Ms. Chloe Ma, Vice President of Business Development at Arm’s IoT Division
Recently, Ms. Chloe Ma, Vice President of Business Development at Arm’s IoT Division, conducted an online interview with industry media, introducing the evolution of edge artificial intelligence (AI) and Arm’s new generation Ethos-U85 AI accelerator and the new IoT reference design platform Arm Corstone-320 in response to market demand.
The Evolution of Edge AI
“We are in an era where everyone carries one or more ‘supercomputers’ in their pockets, and in this evolution, Arm has deployed computing resources at the edge and endpoints, which has obvious advantages in enhancing response speed and reliability, saving bandwidth resources, protecting privacy and data security, and reducing costs,” Ma opened.
She first introduced the evolution of edge intelligence: “The history of edge intelligence can be traced back to early embedded systems, such as home air conditioners and electric meters, which are equipped with embedded processors to achieve simple functions like control and device management. At the beginning of this century, with the advancement of network and internet technology, the Internet of Things (IoT) emerged and connected everything through protocols like Wi-Fi, Bluetooth, ZigBee, Narrowband IoT (NB-IoT), and LoRa. The rise of IoT has greatly promoted the popularity of edge computing devices, which possess stronger processing capabilities and connectivity, bringing data processing closer to the data source. With the development of machine learning (ML) and artificial intelligence (AI) technologies, smart devices can not only perform tasks but also learn and adapt. Especially recently, with the development of Transformer and large models, AI models have made qualitative breakthroughs in universality, multi-modal support, and model fine-tuning efficiency, along with low-power AI accelerators and dedicated chips being integrated into endpoint devices, edge intelligence is becoming increasingly autonomous and powerful.”
Edge AI has enormous potential and is expected to assist multiple fields in continuously evolving and transforming towards intelligence.

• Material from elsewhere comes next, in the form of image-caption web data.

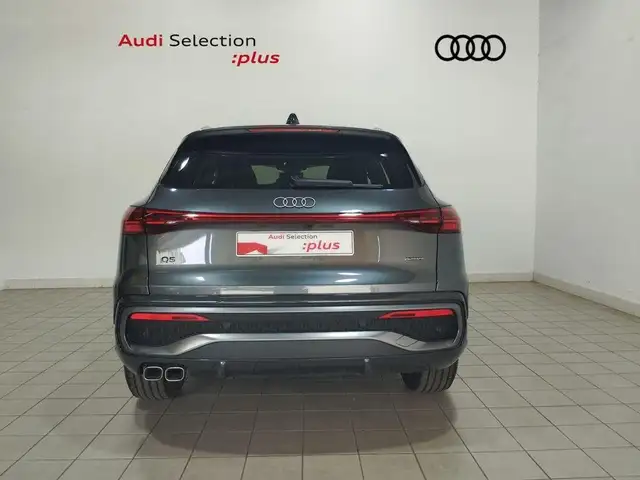 Audi Q5 view 5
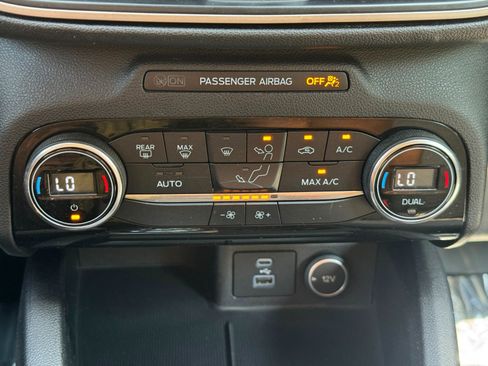Used 2021 Ford Escape SE AWD/4WD image 26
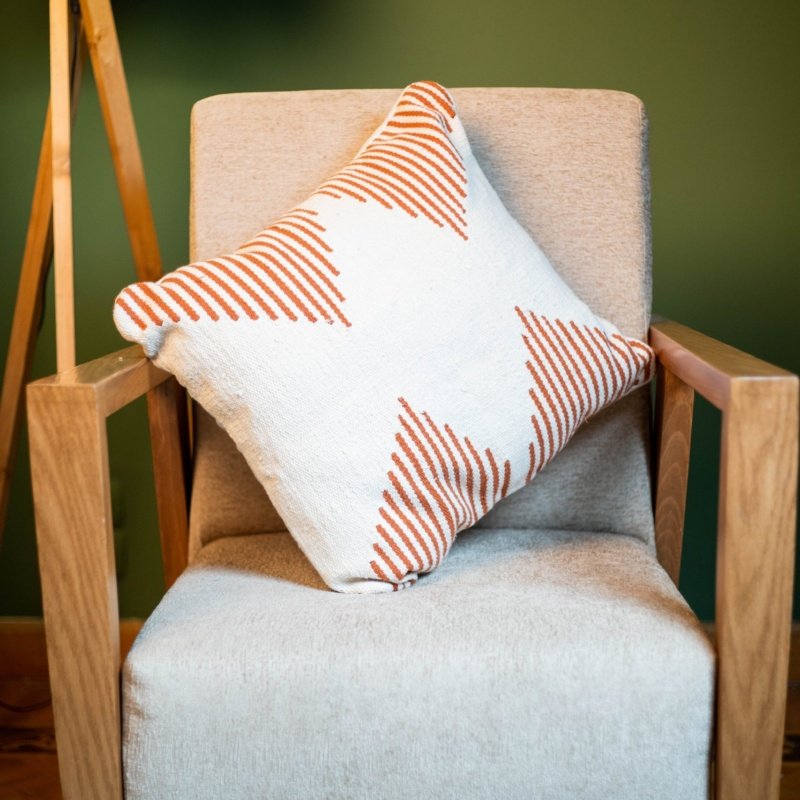 Naya Cushion Noll219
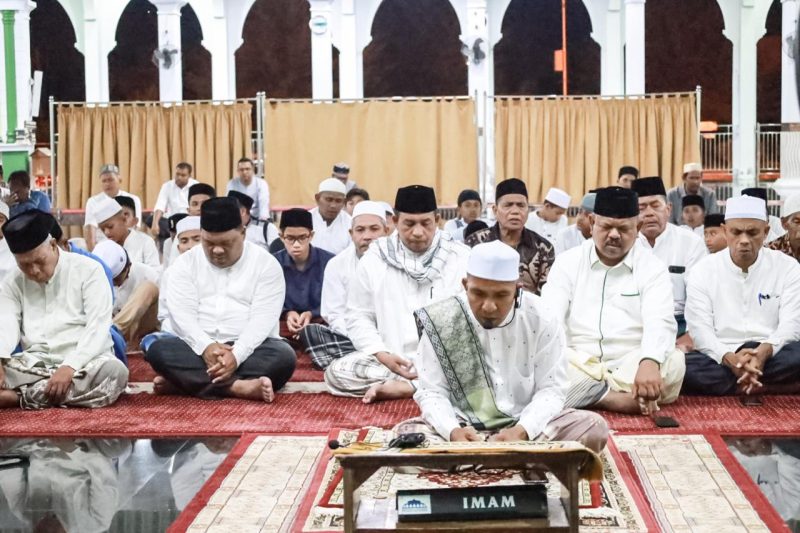 Sekda Aceh Besar Drs. Sulaimi M.Si menghadiri Peringatan Isra Miraj 1445 H Nabi Muhammad SAW di Masjid Agung Al Munawwarah, Kota Jantho, Rabu (7/2/2024) malam.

In this development process, “Arm’s customers and ecosystem partners are constantly innovating in smart home, smart retail, and smart manufacturing fields, thereby achieving a closed loop of perception, decision-making, and action, enhancing automation levels,” Ma said.
Specifically, in smart home applications, people mostly use different applications on their smartphones to manually control various appliance switches and settings. In the foreseeable future, AI models will act as a home “brain,” integrating various sensors, cameras, external weather, family preferences, natural language commands, and more inputs to create a safer and more energy-efficient personalized home environment. AI and large models will also make the retail industry smarter, more personalized, and automated. Through personalized shopping experiences, intelligent inventory management, dynamic pricing strategies, seamless online and offline integration, and automated operations, higher efficiency and superior customer experiences will be achieved. AI and large models are also expected to drive the transition from Industry 4.0 to Industry 5.0, achieving intelligent production lines, precise quality control, customized production, supply chain optimization, autonomous maintenance and remote monitoring, human-machine collaboration, energy conservation, emission reduction, and the development of new materials and processes, bringing profound changes to the manufacturing industry.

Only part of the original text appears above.